Washington Post media critic Erik Wemple has a good column on the FBI raid on James O’Keefe and the seizure of his cell phones in the matter of Ashley Biden’s diary. Wemple’s column is “Did the Justice Department overreach in raiding James O’Keefe’s home?” Wemple’s column provides a careful account of the facts as we have been given to understand them so far (links omitted):

Before the 2020 election, a conservative website called the National File published pages of an item purporting to be Ashley Biden’s diary. The Trump administration’s Justice Department launched an investigation, according to the Times, after a Biden family representative claimed that some of Ashley Biden’s items had been stolen. On Nov. 5, the Times reported that federal agents had searched two locations in an operation that targeted “people who had worked” with Project Veritas in connection with the diary; O’Keefe disclosed that his group had received a grand jury subpoena. Next came the raid at O’Keefe’s home, where agents seized two of his phones.
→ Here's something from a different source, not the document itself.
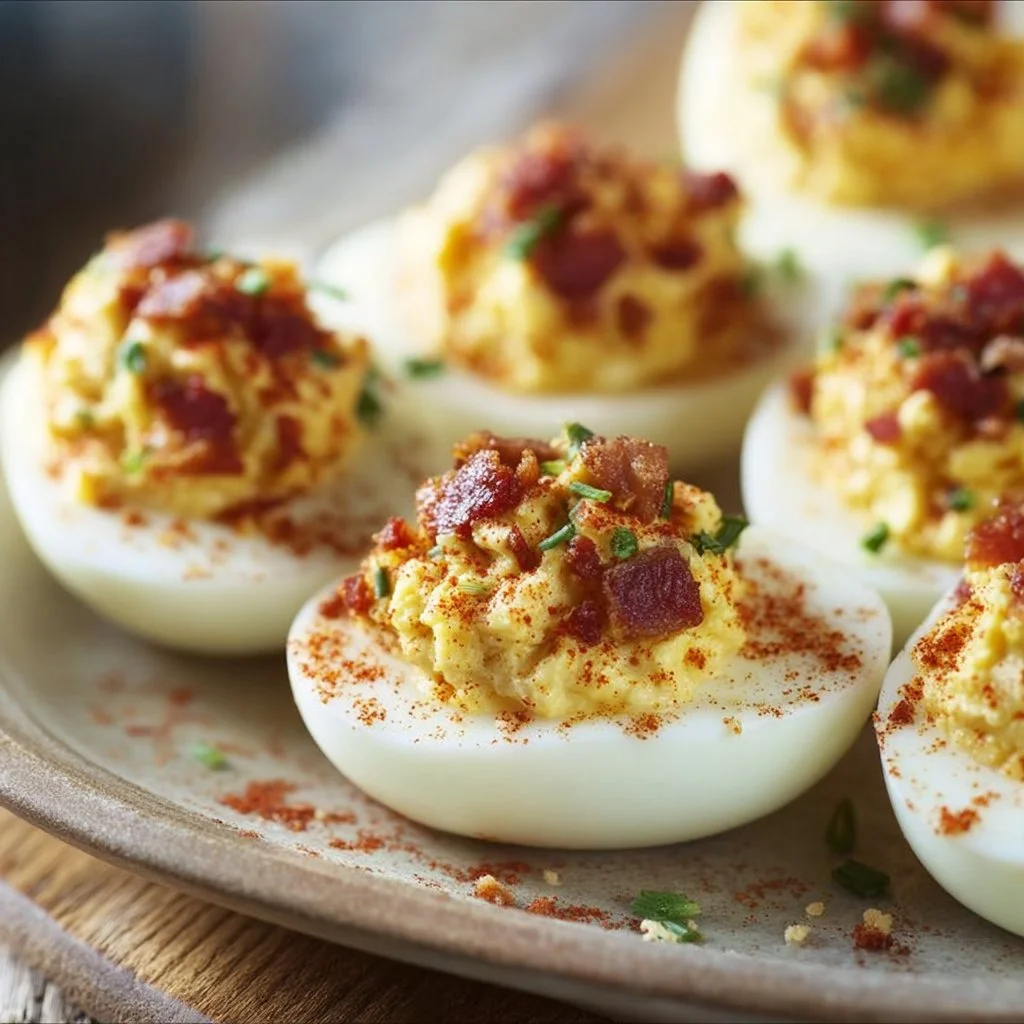Bacon Deviled Eggs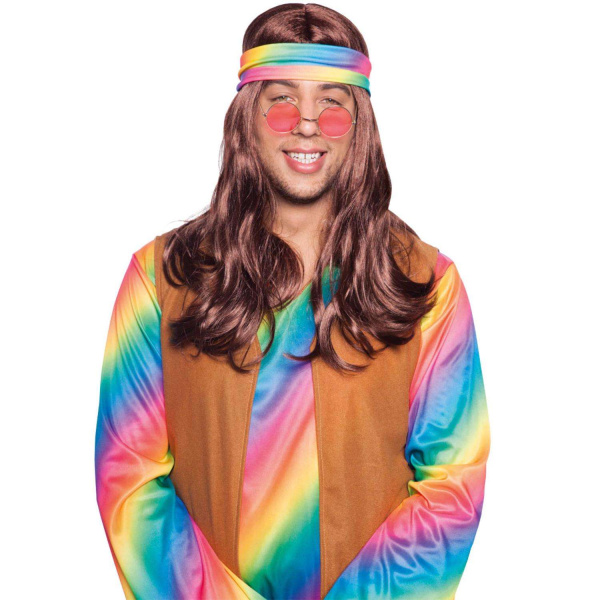 Hippie Wig with Rainbow Headband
Project Veritas has told its version of events — first in a Nov. 5 video, then in a Sean Hannity interview with O’Keefe and his lawyer Paul Calli, and finally in a 16-page motion to U.S. District Judge Analisa Torres. In 2020, according to the filing, two tipsters contacted Project Veritas and claimed to have obtained items that Ashley Biden had allegedly left behind in a Florida location. The source claimed that it had “lawful possession” of the material, Calli said on “Hannity,” with O’Keefe noting that his group didn’t “know whether it was stolen or not.”
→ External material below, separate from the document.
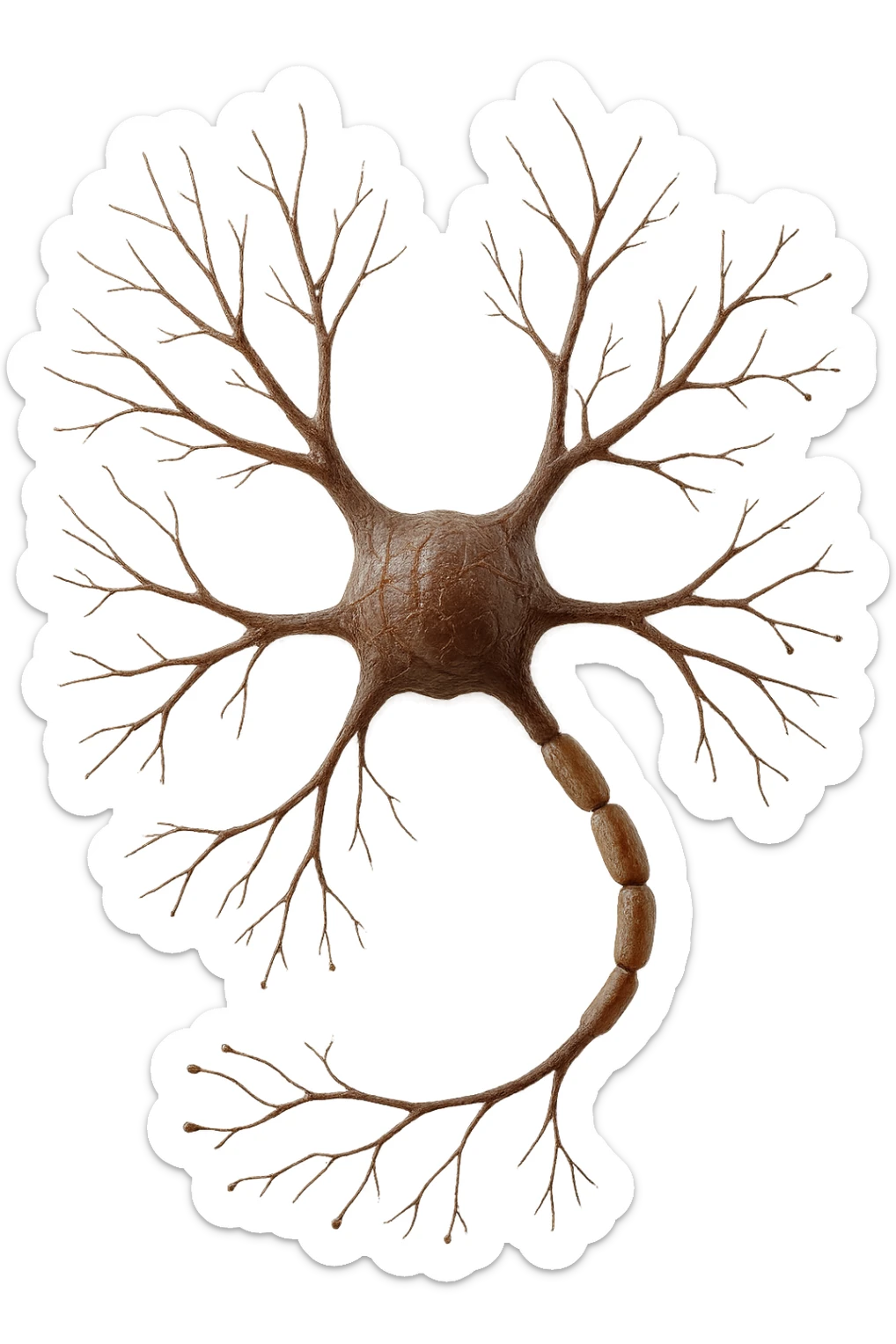neurone umano anatomico realistico, iperrealistico 4k sticker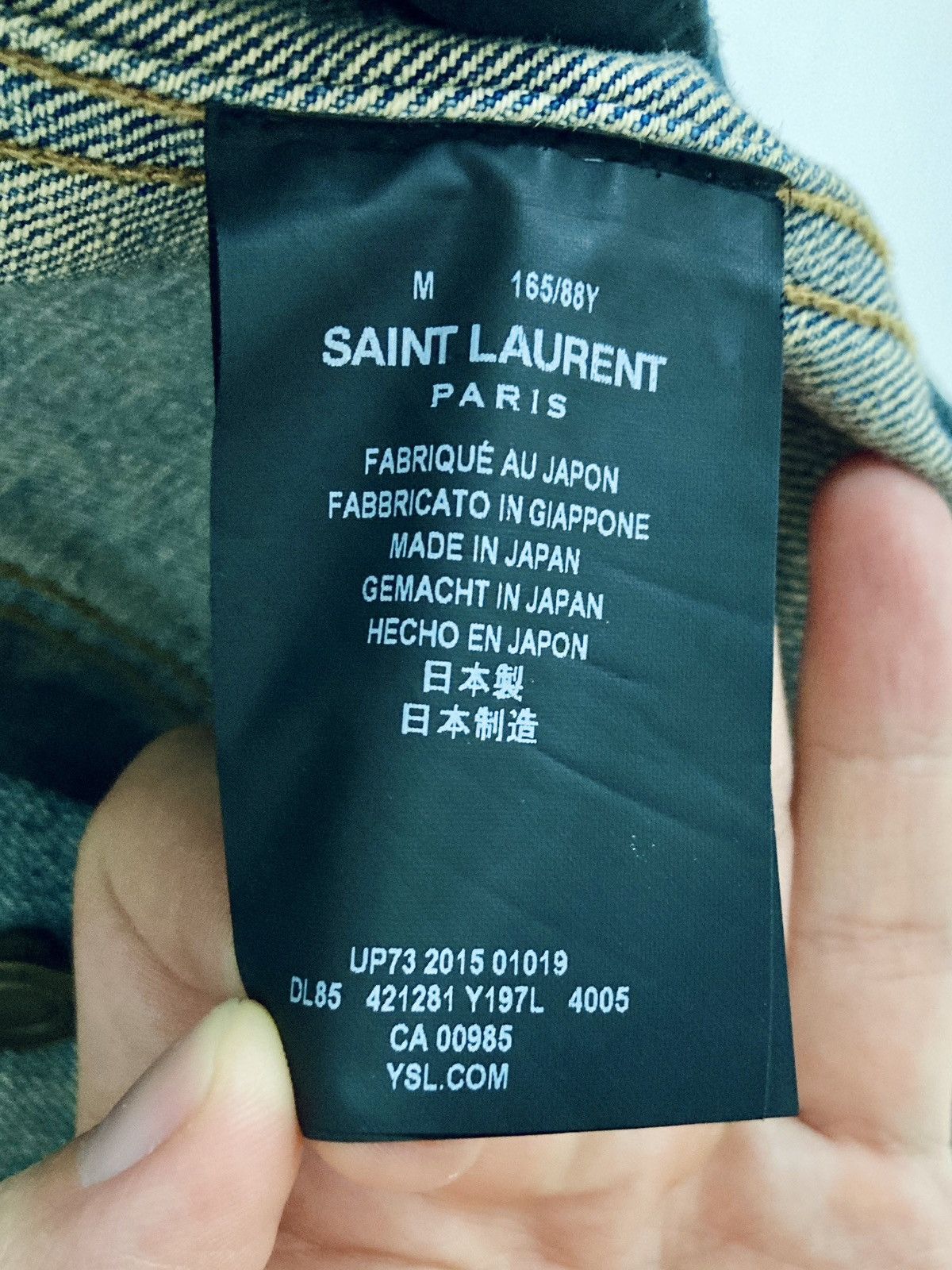 Saint Laurent Paris Saint Laurent Paris by Hedi Slimane 16SS Runway Denim Vest Size M / US 6-8 / IT 42-44 - 9 Thumbnail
Project Veritas purchased the rights to the diary, according to Calli. Then the organization made efforts to authenticate the diary, O’Keefe said in the video. But it ended up killing the story, “because, in part, we could not determine if the diary was real,” O’Keefe said.

The group tried to return the diary to a lawyer for Ashley Biden, said O’Keefe, but the lawyer declined to verify her ownership. So Project Veritas “arranged” to have the item delivered to law enforcement. “Despite an internal belief that the diary was genuine, Mr. O’Keefe and Project Veritas could not sufficiently satisfy themselves with the diary’s authenticity such that publishing a news story about it would meet ethical standards of journalism,” Project Veritas wrote in its filing.
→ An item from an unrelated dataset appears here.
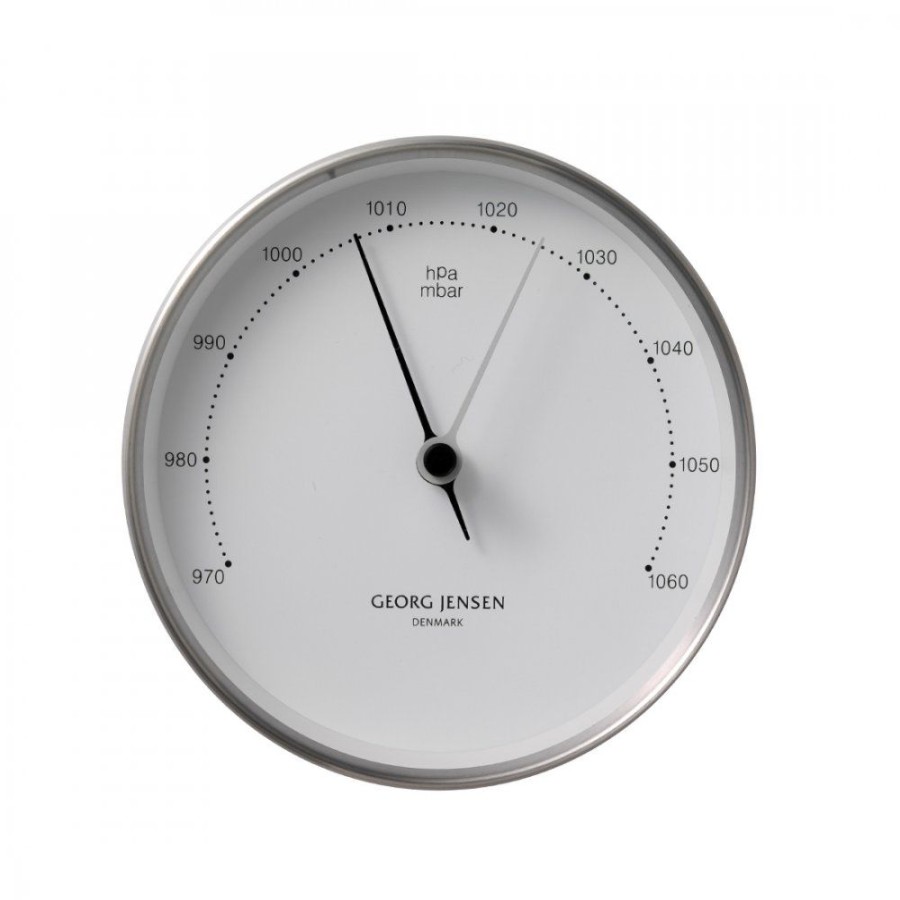 Inredning Georg Jensen | Koppel Barometer Vit/Stal 100 Mm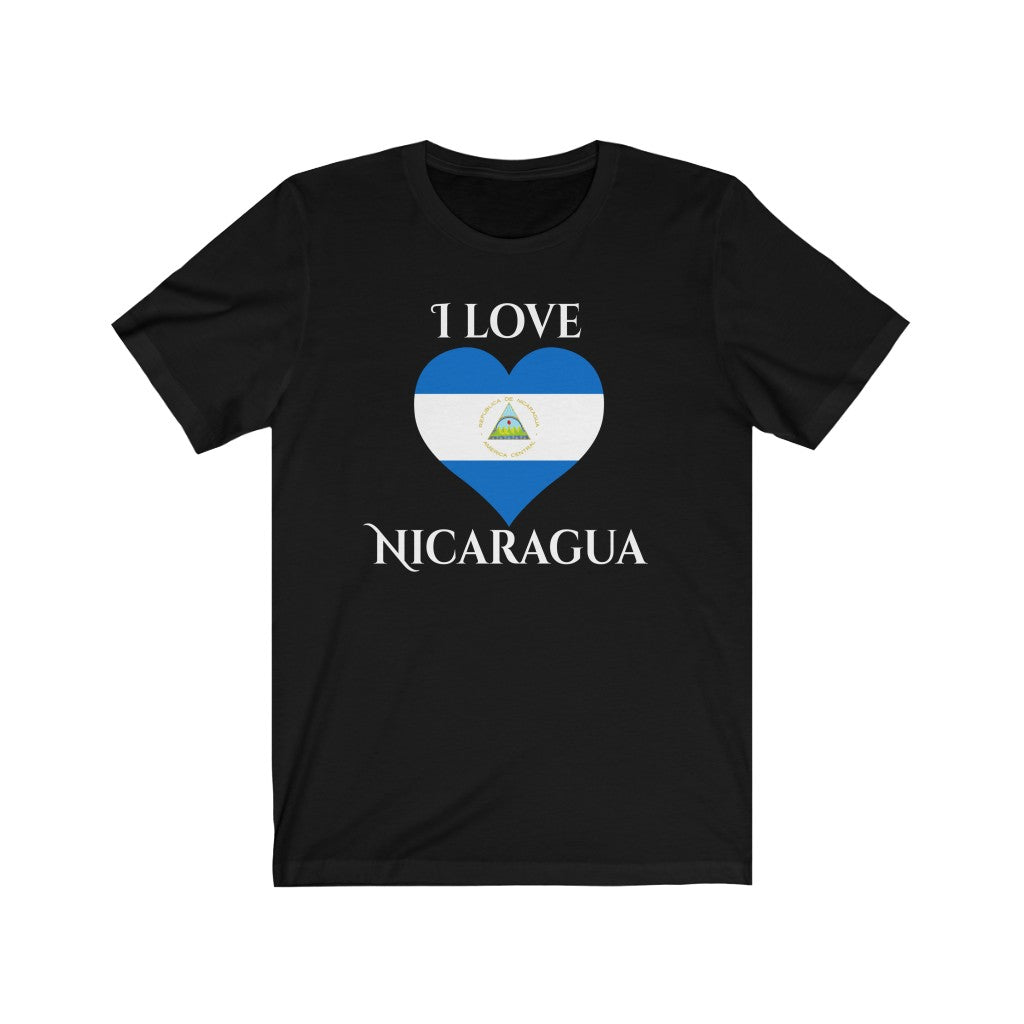 Nicaragua Heart Flag Premium Tee 2 - Unisex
As to how National File ended up with the diary: It “claimed to have received the diary from a ‘whistleblower’ at another news organization that had chosen not to report on the diary,” alleges the Project Veritas motion. Tom Pappert, National File’s editor in chief, said that his organization heard from an individual he identified as a whistleblower at Project Veritas who was “upset by the … decision to spike a story that had been thoroughly vetted, in the words of our whistleblower.” That vetting, claims Pappert, included a phone call that Project Veritas had taped with Ashley Biden in which she confirmed that the diary was hers. (Attempts to secure comment from a Biden family representative were unsuccessful.)

Shortly before National File published the purported diary pages, it called O’Keefe to ask for the recording of that call, according to Pappert. Asked how O’Keefe responded, Pappert said, “not happily.” Nothing that National File learned from the whistleblower, said Pappert, “could be construed as criminality” on part of Project Veritas.

Harmeet Dhillon, a lawyer for Project Veritas, emailed, “Project Veritas does not know how National File obtained the materials it published. Project Veritas does not employ the person National File has publicly suggested is the whistleblower.” (Pappert maintains his organization hasn’t suggested the identity of the whistleblower.)

Wemple then takes up the legal merits of the FBI’s conduct. If O’Keefe and/or Project Veritas themselves engaged in criminal misconduct, he signs off on the FBI’s conduct. He concludes: “The Justice Department had better have some goods.” There is more to be said, but Wemple’s account of the facts is helpful. What is most needed now is a full understanding of the facts, including a review of the search warrant application that remains under seal.